In postings on Islamist Web sites, al Qaeda in the Islamic Maghreb, the group's North African wing, has demanded the release of 10 militants held in Tunisia and Algeria and, according to security sources in Algeria, a cash ransom.
"We are confident, and in this respect we share the attitude, the views of the Malian authorities including President Amadou Toumani Toure, that we'll have sufficient time ... (for) our goal of liberating the hostages and bringing them together with their dear ones and relatives back home without being harmed," Austria's Ambassador Anton Prohaska told Reuters.
Prohaska said he could give no details of negotiations, al Qaeda's demands or whether the deadline had been extended.
Andrea Kloiber, 43, and Wolfgang Ebner, 51, disappeared in February while on holiday in Tunisia.
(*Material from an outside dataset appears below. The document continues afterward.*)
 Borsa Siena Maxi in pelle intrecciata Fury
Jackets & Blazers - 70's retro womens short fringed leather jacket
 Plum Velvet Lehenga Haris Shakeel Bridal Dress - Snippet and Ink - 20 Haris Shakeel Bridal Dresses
Their captors have already extended the deadline twice, but a fortnight ago set Sunday midnight as a final ultimatum, saying in an Internet posting: "Let Austria, Algeria and Tunisia be responsible for the lives of the kidnapped".
Prohaska has spent the past three weeks in Mali's capital Bamako involved with negotiations for the release of the hostages after they were reported to be at an Islamist hideout in northern Mali near the Algerian border.
CONFUSION:
But there has been confusion over the hostages' whereabouts. Mali's government has said there is no evidence the hostages are on its soil. Officials have speculated they may have been moved following fighting in northern Mali between the army and nomadic Tuareg rebels opposed to the southern-based government.
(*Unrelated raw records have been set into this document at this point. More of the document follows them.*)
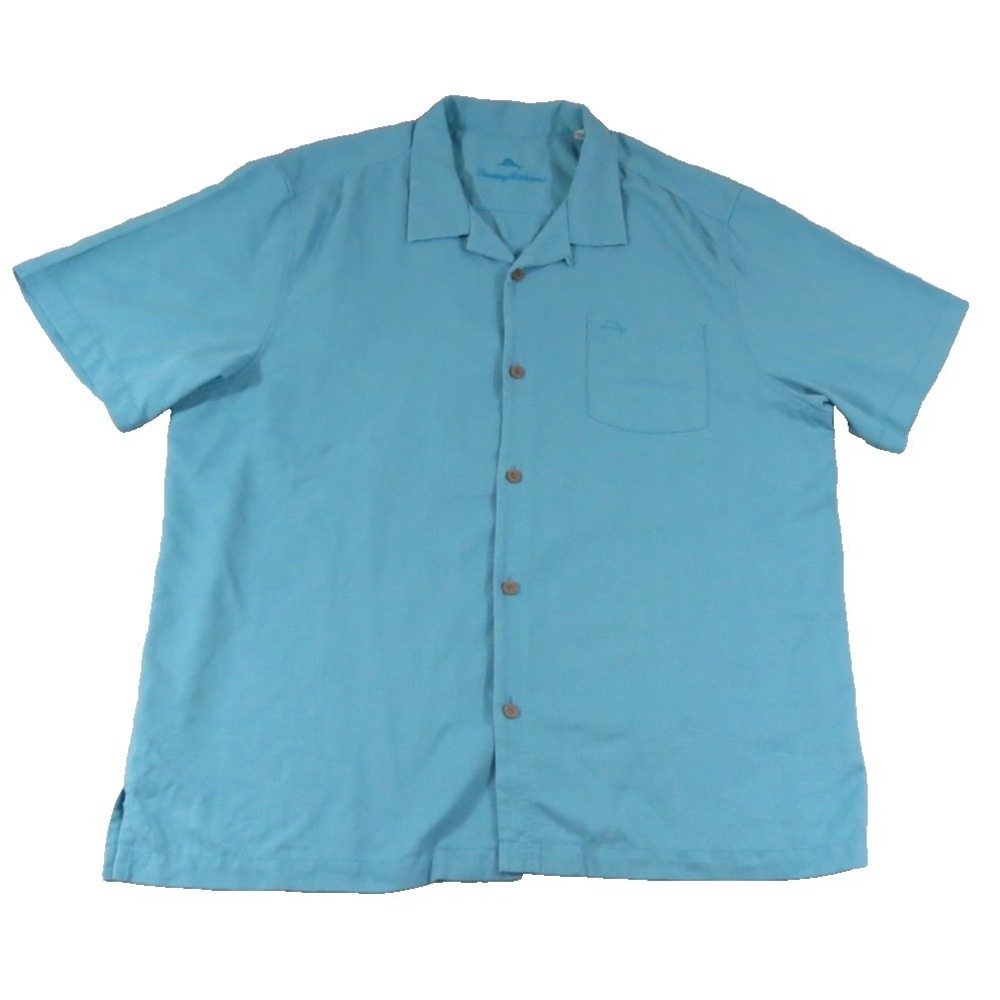 Tommy Bahama IslandZone Shirt Mens XXL Blue Silk Blend Embroidered Marlin Camp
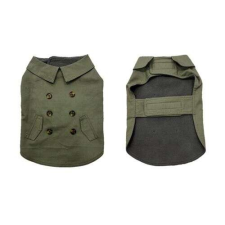  DUVO+ mellény kutyáknak trench coat stílusban M 50cm olivazöld kutyaruha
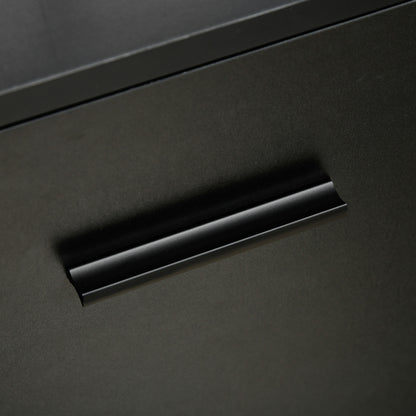 Office Drawer Unit with 2 Document Drawers and Open Shelves in Chipboard, Steel Handles, Lockable Wheels, 80x40x66cm, Black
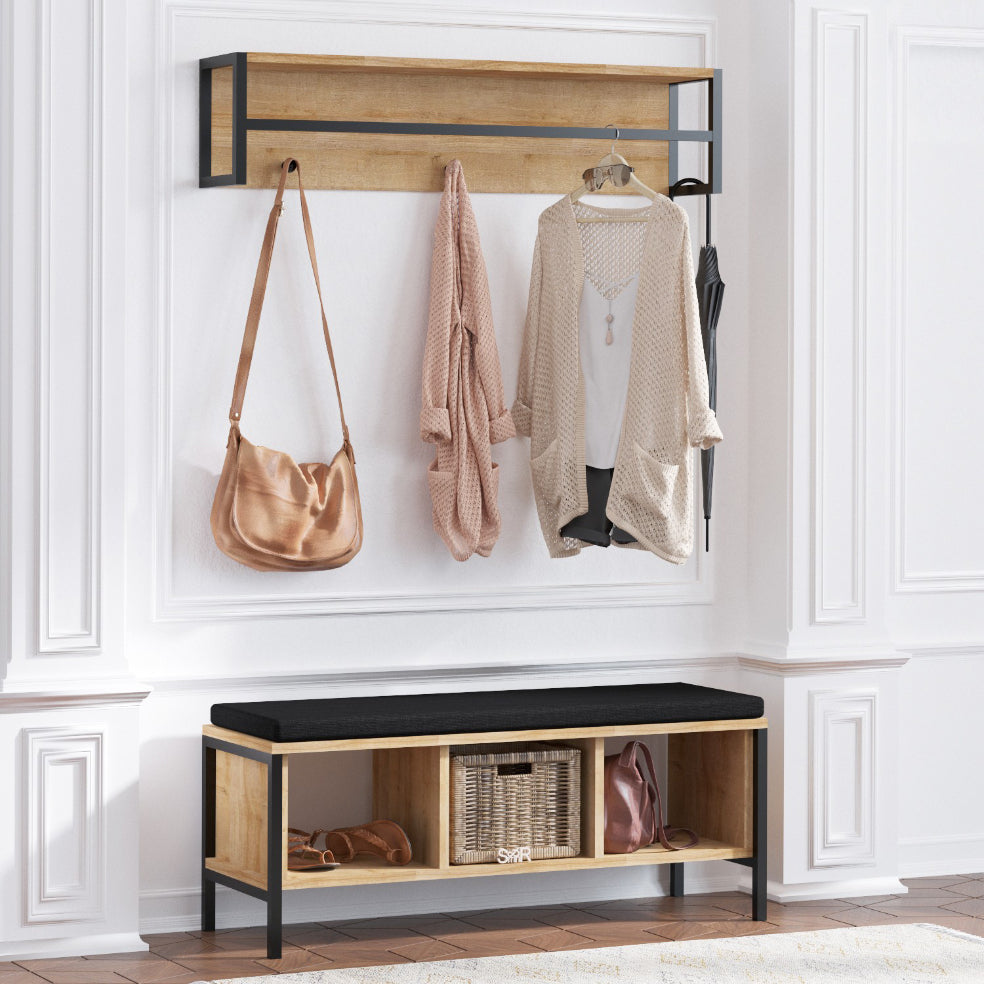 Cuier cu sazut SHANA, 100x35x43 cm, Bej/Negru - Prestigehome.ro - Mobilier Hol - Prestige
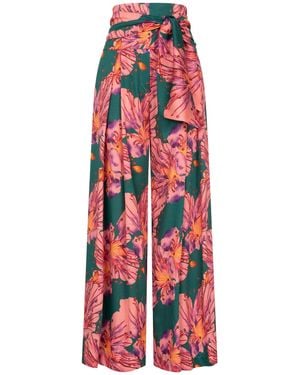 Marianna Déri Palazzo Trousers With Orchid Print And Tie Belt - Red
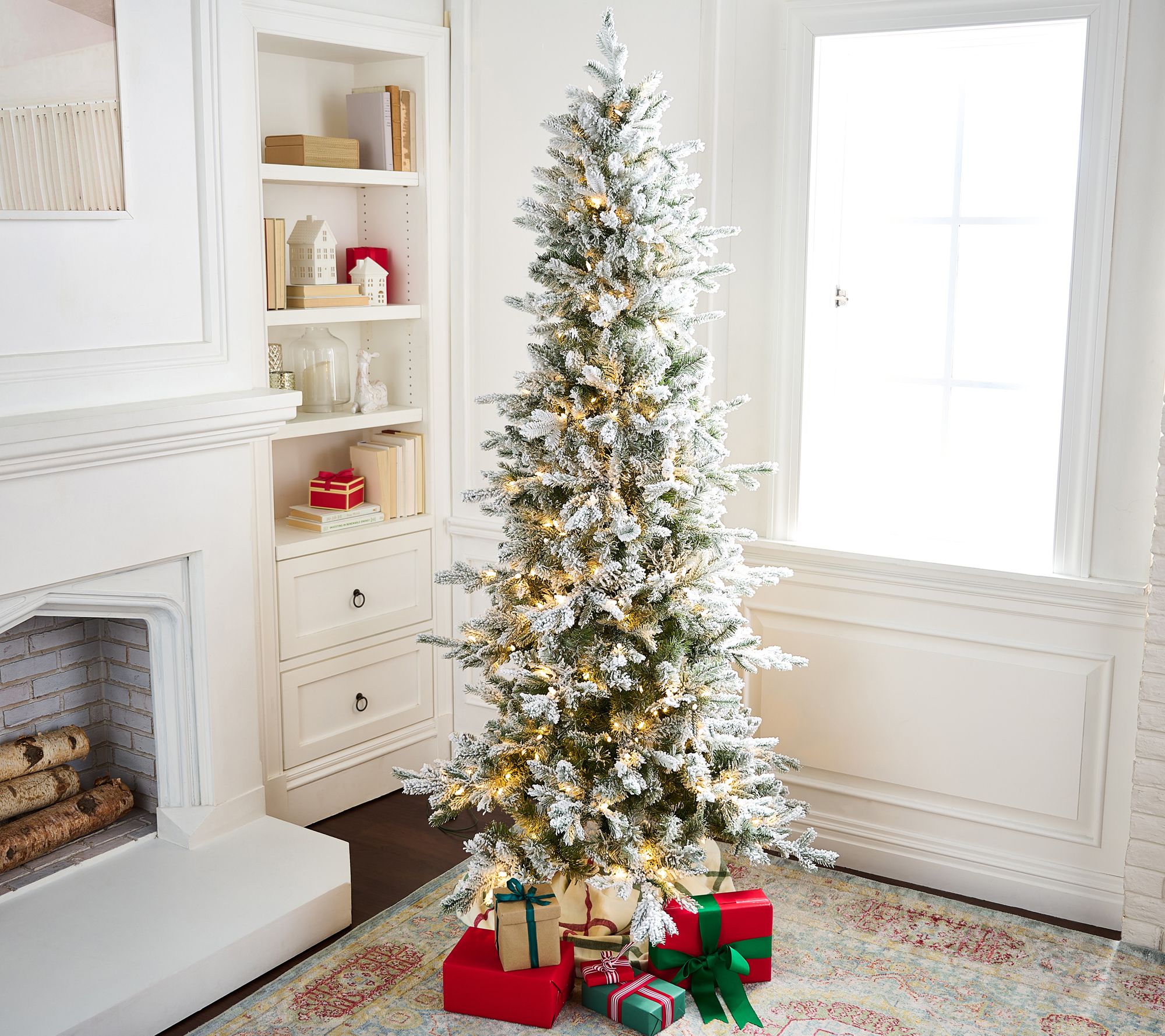 "As Is" 9' Twinkle Snow- Tipped Slim Christmas Tree by Valerie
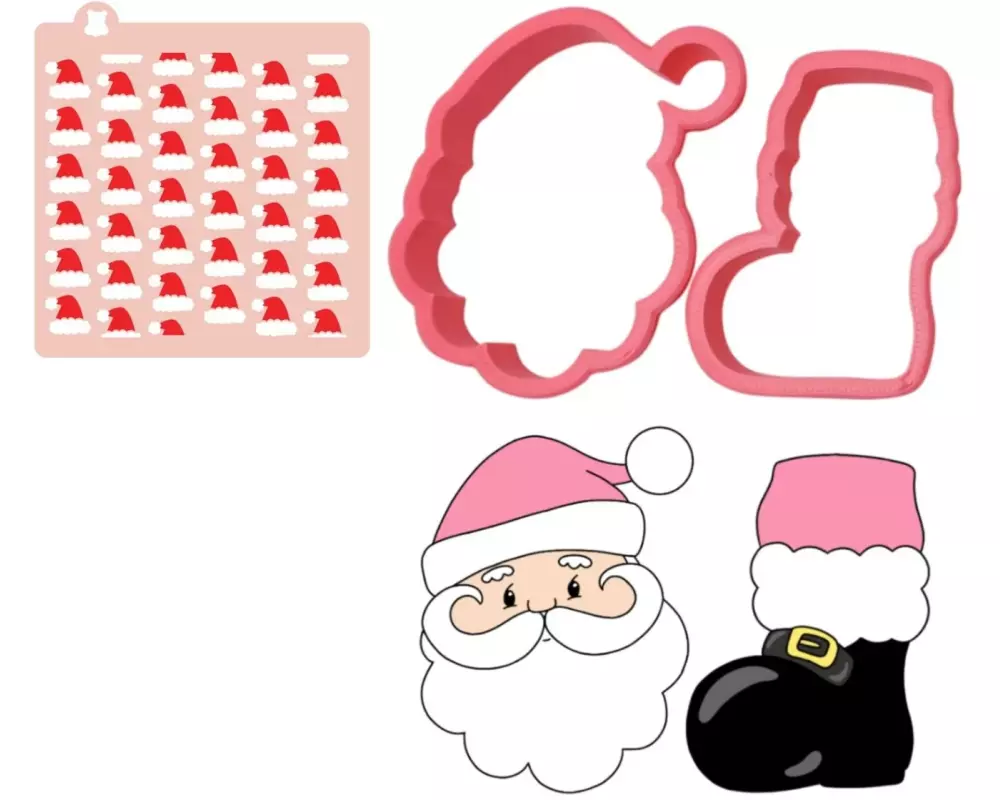 Cut my Cookies Guetzli-Ausstecher Weihnachtsserie Santa und Folie, 3-teilig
A Malian Tuareg politician told an Austrian newspaper in late March the hostages were not in Mali. He said their al Qaeda abductors-who have clashed with Tuareg warriors in the past-could not conceal their presence from Tuareg tribesmen who roam the isolated expanses of northern Mali.
Rumours have circulated at different times that the pair may have been transferred to neighbouring Mauritania or to Niger, where local Tuareg rebels have launched a similar year-old rebellion against that country's central government.
Prohaska declined to comment on the hostages' whereabouts. "We don't want to go into detail and do not want to give rise to any speculation of any sort," he said.
Some security specialists have said the kidnappers are unlikely to carry out their threat to kill the Austrians, as that would end any chance of a cash ransom.